The EVMS Center Team Member identifies any significant deficiencies to the Team Lead, and then (as necessary) to the Group Lead and the Director for concurrence and processing.  A letter will be issued to the Contracting Officer (CO) notifying them of the completion of the 3-year EVMS compliance assessment, current system status, and any outstanding Corrective Action Requests (CARs) or Corrective Action Plans (CAPs).  The EVMS Center Team Member enters the approved plans/ reports to the Integrated Workflow Management System (IWMS) and for subsequent distribution to appropriate offices and the contractor (as required).

Compliance Review Support

As you can see, this seems almost as involved as getting ready for a full-up Compliance Review.  This is probably by design, since the DCMA wants to emphasize the importance of maintaining the EVM System in a compliant state for the life of the contract.  As a contractor, it is equally important to you because if your system application falls apart and you lose your EVMS certification (via BP5), the recertification process (BP6) starts all over again.

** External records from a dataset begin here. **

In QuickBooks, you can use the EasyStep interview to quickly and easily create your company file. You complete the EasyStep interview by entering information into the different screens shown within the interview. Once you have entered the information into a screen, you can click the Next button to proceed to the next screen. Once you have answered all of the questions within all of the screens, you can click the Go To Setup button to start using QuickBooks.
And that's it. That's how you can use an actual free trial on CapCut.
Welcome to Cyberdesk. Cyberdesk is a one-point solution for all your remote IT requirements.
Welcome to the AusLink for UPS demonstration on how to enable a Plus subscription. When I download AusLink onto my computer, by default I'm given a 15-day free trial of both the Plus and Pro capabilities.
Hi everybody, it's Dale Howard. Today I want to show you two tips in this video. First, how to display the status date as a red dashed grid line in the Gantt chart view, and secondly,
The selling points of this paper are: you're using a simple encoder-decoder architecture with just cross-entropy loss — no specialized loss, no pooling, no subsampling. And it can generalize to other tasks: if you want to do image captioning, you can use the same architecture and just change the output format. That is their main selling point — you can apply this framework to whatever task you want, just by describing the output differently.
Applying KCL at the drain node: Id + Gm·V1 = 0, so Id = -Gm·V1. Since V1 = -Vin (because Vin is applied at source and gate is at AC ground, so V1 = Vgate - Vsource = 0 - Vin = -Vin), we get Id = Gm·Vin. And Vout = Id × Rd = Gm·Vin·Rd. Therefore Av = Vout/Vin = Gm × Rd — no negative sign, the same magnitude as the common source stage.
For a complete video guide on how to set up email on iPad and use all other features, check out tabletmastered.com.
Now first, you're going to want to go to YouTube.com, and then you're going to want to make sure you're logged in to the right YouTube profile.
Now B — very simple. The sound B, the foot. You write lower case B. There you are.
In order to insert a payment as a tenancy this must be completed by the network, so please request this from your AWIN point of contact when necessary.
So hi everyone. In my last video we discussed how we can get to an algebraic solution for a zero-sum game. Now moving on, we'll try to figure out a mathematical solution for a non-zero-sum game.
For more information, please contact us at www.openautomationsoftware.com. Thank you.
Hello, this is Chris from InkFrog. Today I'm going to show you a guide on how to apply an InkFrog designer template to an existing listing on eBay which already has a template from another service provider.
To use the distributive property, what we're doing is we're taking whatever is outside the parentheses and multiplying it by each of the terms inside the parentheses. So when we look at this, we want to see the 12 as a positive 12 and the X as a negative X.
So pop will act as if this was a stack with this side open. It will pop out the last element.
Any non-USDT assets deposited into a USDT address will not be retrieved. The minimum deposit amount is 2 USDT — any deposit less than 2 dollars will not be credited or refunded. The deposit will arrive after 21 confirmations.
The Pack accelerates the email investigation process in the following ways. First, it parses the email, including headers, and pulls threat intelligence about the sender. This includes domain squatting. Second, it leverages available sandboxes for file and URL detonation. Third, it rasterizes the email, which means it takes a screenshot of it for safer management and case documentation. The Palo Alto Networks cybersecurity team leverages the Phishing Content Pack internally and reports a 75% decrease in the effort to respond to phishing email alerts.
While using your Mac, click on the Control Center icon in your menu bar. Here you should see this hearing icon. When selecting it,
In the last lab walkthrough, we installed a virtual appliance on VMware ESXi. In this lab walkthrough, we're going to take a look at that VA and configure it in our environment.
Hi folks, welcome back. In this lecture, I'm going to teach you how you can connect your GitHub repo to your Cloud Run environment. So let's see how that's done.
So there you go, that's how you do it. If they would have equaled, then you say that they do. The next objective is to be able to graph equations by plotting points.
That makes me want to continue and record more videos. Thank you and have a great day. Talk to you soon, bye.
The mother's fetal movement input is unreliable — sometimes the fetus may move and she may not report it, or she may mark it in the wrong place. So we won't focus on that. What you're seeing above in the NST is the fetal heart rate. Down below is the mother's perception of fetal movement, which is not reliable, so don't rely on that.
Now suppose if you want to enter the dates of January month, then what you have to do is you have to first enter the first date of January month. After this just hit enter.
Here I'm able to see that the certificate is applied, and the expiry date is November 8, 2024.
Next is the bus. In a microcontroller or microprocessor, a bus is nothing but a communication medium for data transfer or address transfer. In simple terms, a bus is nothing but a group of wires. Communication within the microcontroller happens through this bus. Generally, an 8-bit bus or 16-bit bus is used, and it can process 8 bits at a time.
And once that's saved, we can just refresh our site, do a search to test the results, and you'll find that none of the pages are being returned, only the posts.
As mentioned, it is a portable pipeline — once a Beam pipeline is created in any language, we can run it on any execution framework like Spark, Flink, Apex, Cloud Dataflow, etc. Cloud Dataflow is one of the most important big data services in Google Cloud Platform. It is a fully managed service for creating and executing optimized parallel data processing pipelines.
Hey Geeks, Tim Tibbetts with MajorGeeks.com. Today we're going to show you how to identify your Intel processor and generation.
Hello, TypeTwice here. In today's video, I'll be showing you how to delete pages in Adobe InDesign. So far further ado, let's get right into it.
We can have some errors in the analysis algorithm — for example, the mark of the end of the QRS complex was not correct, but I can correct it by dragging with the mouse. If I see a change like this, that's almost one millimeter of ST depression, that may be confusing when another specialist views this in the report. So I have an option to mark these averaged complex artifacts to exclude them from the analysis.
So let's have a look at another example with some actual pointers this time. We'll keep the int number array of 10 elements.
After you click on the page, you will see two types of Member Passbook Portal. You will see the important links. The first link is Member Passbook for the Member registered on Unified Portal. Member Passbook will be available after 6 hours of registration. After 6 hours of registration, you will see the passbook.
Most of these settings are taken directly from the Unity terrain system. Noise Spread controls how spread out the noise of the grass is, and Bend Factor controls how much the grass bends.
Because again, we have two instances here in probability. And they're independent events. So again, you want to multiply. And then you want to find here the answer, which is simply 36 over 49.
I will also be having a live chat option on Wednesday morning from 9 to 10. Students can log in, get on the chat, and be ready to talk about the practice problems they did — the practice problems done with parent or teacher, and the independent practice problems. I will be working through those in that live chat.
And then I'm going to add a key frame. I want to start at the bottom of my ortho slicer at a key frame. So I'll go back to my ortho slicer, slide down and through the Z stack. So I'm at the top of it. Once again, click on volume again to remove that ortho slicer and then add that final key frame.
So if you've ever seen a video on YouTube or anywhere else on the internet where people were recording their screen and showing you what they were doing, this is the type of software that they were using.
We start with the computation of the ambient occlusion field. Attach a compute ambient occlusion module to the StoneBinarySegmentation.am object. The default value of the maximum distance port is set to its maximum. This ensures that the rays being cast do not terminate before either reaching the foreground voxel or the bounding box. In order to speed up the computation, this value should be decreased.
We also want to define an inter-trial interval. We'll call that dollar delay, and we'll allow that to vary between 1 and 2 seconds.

Humphreys & Associates has people ready to help you wade through the government requirements for EVMS certification, whether you are new to EVMS, or you are an experienced contractor needing help getting ready for a Compliance Review, System Surveillance, or even a Review For Cause.  We also have a wide range of training courses for beginners in EVMS or advanced courses for experienced Earned Value professionals.  We can also prepare your company for Surveillance, an IBR, an RFC, or even a full blown Compliance Review. Contact us today at (714) 685-1730 or e-mail us.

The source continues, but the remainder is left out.